Even though there are many benefits in the sea, there are also complex relationships among related countries in the management and use of the sea because of the characteristics of diversity and flexibility of the sea. As one of International Laws, The Law of the Sea has been developed as an unwritten law by the international practices for the purpose of reasonable and systematical use of these benefits of the sea among the complicatedly related international societies. After the World War II, the International Law Commission of U.N. began to make the International Law for the Sea.
With the effort for making the International Law for the Sea, the United Nations Convention on the Law of the Sea (UNCLOS) had been concluded in 1982 and became effective in 1994. The UNCLOS regulated the systemic organization of the law of the sea and the principles of the uses of the sea as well as focused on building the comprehensive and practical procedures for the settlement of the disputes on the Law of the Sea.
The UNCLOS asks the concerned countries to follow the traditional methods of dispute settlement to solve the dispute peacefully and voluntarily according to the U.N. Charter 33. If the countries cannot reach the agreement, the forcible procedures of the UNCLOS are applied to the disputes. Also, the UNCLOS built the International Tribunal for the Law of the Sea (ITLOS) and the Sea-Bed Dispute Chamber (SBDC) to treat with these disputes professionally.
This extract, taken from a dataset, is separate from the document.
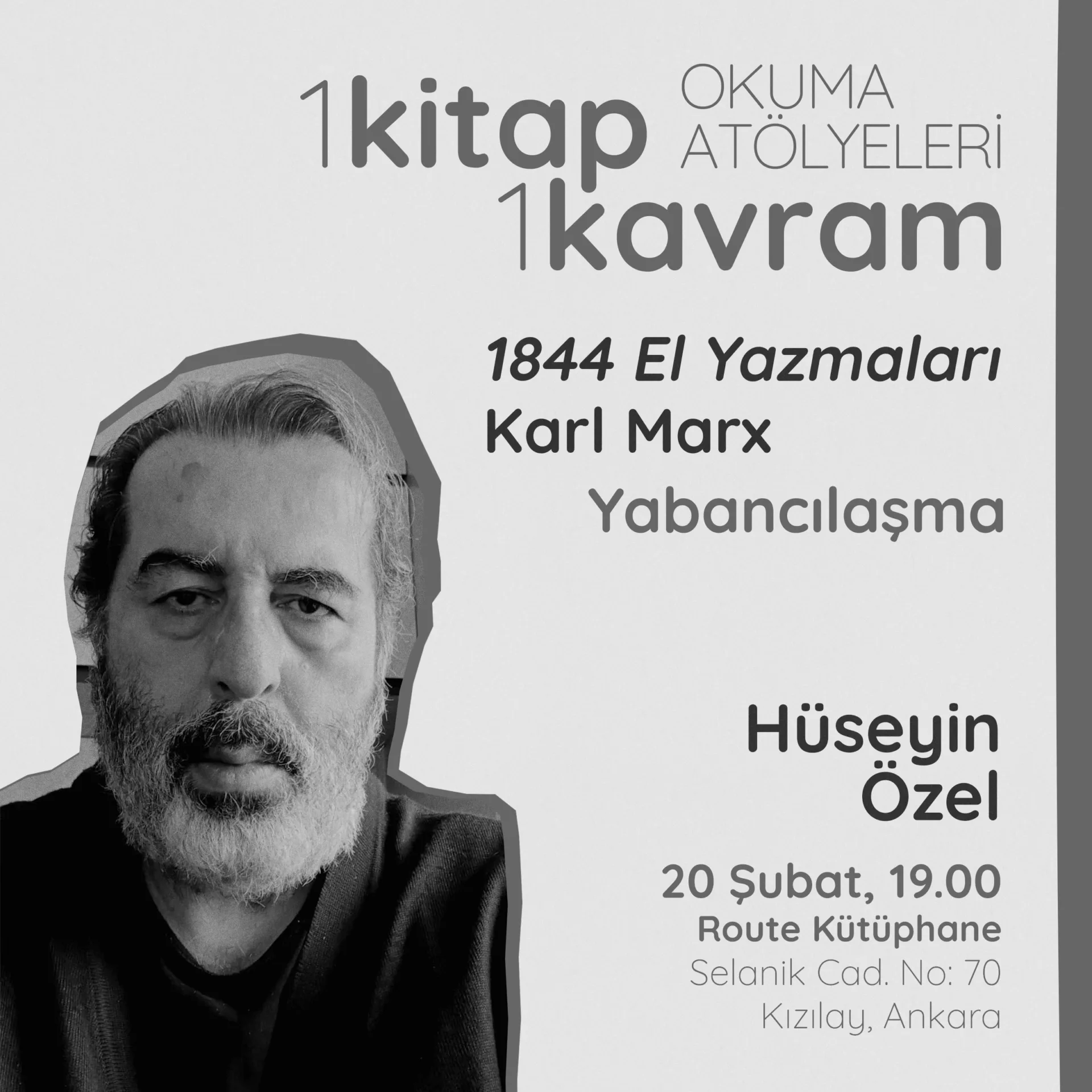 20250220_HuseyinOzel_KareGecti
There can be proposed some improvements for the System for Dispute Settlement because it is not perfect. First, the System for Dispute Settlement allows the broad exceptions on the forcible dispute settlement procedures both comprehensively and optionally. Thus, the most importantly related issues can escape this forcible procedures. Therefore, the comprehensive and optional exceptions should be clearly regulated according to the characteristics of the disputes. Second, the executive authority and system should be established to carry out the decision of the Tribunal practically. Third, to prevent the dispute of jurisdiction among diverse tribunal authorities, the similar system with appeal should be developed to give powerful authority.
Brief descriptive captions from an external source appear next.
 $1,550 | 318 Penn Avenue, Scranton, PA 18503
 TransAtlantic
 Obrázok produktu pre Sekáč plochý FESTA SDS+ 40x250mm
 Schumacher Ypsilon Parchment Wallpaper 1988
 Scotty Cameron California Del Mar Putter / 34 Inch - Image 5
With the 12 nautical mile of the Territorial sea and the new systems of the Exclusive Economic Zone (EEZ) and Sea-bed, the original concepts of High Seas changed in meaning of the quality and space. Thus, the possibility of dispute in the declaration of boundary among countries became bigger.
Even though Korea, Japan and China temporarily made a contract about the Fisheries Agreement between each concerned two countries, there are still problems in the decision of the Territorial Waters, Continental shelf and EEZ.
In these decisions of the sea boundaries, Korea should decide these boundaries with all together without separating the Continental Shelf and the EEZ in the way of agreement among the countries according to the principles of the Law of the Sea. The multi-national commission in which all concerned countries are participating should be established. It is reasonable for this commission to treat the decision of boundary collectively.
In the case of dispute among countries in the process of deciding the boundary, the traditional direct dispute settlement system and the U.N. System for Dispute Settlement can be used appropriately. The multi-national commission, cooperative rescue training, the training for the prevention of sea pollution, and the training for the enforcement against international crimes such as piracy or terror among membership countries will be helpful to build the trust among the countries. With this trust among countries, the prevention of dispute will be more important than the settlement of the dispute later on.